Hoy, como para tantas cosas, pintar,
fotografiar, escribir, la sensación que predomina en mí es la de
mirar aquello como un tiempo ido que me sería imposible recuperar,
imposible escribir, pintar, incluso pensar con aquella fresca profundidad con
que venían a mí las ideas, las tantas motivaciones
que me sugería el paisaje, la gente, las lecturas que me
acompañaban. Imposible. No sé. Quizás tendría, para poder
constatarlo, que volver a viajar como entonces, que volver a
caminar por el mundo para poder volver a bañarme en aquellas aguas
primordiales. Una vez más ponerse en situación de… No
necesariamente viajar para ver o conocer, viajar para dejar el cuerpo y la
mente en situación propicia en que la lluvia y
la feraz tierra de otras culturas hagan retoñar de
nuevo lo que de hermoso y profundo subyace en el fondo de
nosotros mismos y que la cotidianidad y las rutinas diarias impiden
germinar.
¿Será cierto que dentro de cada uno de
nosotros vive latente algo superior, algo más profundo que necesita de un
estado de conciencia, un magma en que sumergirse para que ese algo aflore
en nosotros? ¿Somos acaso más y mejor que lo que la pura
cotidianidad que nos rodea nos deja ver? Esa necesidad de
alzarse sobre la puntilla de los pies para comprender, siempre
buscando un poco más allá de nuestra llana comprensión, parece que
fuera imprescindible; trascender la llana realidad para alcanzar un grado
de comprensión al filo de nuestras posibilidades.
Acaso esto no sea otra cosa que
aquello que consiguen tantos pensadores que llamamos oscuros, a los que nos
cuesta comprender. No lo sé. Yo vivo la impresión de que muchos autores
que comprendo malamente, en ocasiones se van por los Cerros de Úbeda, se mueven
dentro de un lenguaje tan especializado que termina
oscureciendo la pureza de una idea. Quizás no sea tanto la
expresión de ideas complejas lo que debería
guiarnos en nuestra indagación, como la aproximación
intuitiva a algo que entrevemos pero que nunca llegaremos a
comprender al modo en que el racionalismo intenta abrirse paso en la
oscuridad de sus deducciones.
La intuición como herramienta
personal al alcance de la mayoría que acaso no necesita de los farragosos
caminos de la razón para hacerse un espacio en la inquietud de quien
busca respuestas a esos interrogantes que fueron siempre labor
de la filosofía, preocupación de aquellos que buscan salida a los
porqués que la vida les puso por delante.

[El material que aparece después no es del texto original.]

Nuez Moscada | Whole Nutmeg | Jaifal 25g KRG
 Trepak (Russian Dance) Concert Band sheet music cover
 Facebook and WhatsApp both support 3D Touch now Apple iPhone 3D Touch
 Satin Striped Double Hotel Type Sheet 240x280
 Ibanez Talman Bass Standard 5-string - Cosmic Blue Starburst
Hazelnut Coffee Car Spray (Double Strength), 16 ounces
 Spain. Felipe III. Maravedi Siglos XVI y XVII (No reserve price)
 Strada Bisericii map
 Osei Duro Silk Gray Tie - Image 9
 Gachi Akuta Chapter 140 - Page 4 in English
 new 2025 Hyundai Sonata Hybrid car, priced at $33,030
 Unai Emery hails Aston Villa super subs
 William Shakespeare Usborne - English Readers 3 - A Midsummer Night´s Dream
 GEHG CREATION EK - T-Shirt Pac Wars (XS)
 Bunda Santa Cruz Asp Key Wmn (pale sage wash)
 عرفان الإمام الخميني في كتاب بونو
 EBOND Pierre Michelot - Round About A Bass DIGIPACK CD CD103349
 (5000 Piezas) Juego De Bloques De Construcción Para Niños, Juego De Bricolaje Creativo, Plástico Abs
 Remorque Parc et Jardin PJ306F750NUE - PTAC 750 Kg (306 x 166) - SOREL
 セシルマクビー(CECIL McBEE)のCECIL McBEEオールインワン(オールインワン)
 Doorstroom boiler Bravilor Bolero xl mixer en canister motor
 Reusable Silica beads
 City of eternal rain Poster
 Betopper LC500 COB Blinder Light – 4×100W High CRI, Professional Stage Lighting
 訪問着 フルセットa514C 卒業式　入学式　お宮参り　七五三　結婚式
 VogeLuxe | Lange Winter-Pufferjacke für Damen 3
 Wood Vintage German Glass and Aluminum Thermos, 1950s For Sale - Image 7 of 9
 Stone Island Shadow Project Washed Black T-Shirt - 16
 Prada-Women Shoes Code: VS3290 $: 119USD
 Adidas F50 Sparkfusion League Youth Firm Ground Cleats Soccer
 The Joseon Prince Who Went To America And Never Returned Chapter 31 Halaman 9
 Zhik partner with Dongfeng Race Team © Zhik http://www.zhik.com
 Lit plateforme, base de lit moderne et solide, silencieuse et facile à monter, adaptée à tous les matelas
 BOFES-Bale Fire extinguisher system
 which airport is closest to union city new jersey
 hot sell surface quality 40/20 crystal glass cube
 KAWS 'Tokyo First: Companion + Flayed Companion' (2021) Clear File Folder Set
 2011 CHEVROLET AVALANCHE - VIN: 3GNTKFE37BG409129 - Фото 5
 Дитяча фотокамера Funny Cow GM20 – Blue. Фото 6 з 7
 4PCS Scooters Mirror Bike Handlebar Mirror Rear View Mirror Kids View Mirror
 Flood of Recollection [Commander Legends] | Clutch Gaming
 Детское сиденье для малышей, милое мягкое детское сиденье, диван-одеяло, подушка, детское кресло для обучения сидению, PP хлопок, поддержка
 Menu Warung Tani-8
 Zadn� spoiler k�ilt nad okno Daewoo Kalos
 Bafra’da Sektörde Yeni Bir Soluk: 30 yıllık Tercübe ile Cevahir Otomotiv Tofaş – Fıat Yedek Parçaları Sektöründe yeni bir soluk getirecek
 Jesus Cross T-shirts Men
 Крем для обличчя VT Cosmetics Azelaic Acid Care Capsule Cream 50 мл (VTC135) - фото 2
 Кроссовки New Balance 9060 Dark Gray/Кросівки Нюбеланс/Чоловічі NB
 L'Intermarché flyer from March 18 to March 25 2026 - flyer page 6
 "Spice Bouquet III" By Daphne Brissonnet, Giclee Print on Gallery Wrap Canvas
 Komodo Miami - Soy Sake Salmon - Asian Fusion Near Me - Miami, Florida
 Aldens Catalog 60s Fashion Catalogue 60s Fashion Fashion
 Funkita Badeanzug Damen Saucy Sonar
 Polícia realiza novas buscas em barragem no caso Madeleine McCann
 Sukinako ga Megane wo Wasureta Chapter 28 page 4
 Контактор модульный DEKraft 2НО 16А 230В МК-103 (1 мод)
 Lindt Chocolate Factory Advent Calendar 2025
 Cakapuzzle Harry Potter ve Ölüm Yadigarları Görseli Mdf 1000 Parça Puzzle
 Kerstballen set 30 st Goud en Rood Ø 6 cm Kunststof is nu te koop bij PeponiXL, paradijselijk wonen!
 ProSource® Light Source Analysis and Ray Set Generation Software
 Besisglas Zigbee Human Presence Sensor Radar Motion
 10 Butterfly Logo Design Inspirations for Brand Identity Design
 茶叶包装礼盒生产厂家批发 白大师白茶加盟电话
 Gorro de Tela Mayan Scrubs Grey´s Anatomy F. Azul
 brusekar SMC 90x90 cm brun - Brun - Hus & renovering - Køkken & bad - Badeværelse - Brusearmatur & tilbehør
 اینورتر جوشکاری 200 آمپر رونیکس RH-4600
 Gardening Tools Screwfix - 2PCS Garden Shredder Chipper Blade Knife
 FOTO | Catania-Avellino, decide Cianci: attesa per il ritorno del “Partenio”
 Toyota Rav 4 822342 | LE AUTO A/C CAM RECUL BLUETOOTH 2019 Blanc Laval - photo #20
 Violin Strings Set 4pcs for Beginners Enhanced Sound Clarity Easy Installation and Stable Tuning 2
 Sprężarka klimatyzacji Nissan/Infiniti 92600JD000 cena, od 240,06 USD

Hoy, aquellos largos viajes realizados
inmediatamente tras la jubilación, son una tentación y un estímulo para
retomar una vez más aquel clima de inquietud del que tantas
bondades surgieron. Si aquello fue un descubrimiento a las puertas de un
territorio desconocido por donde debía de empezar a caminar sin dilación,
esto que me sugieren las lecturas actuales de los libros de viajes que por
entonces fui escribiendo, se parece más a un llamado que me
está pidiendo, a la vez que asumir mi actual situación de salud y edad,
forzar, una vuelta de tuerca más, mi coraje, ahora en constante litigio
con la duda.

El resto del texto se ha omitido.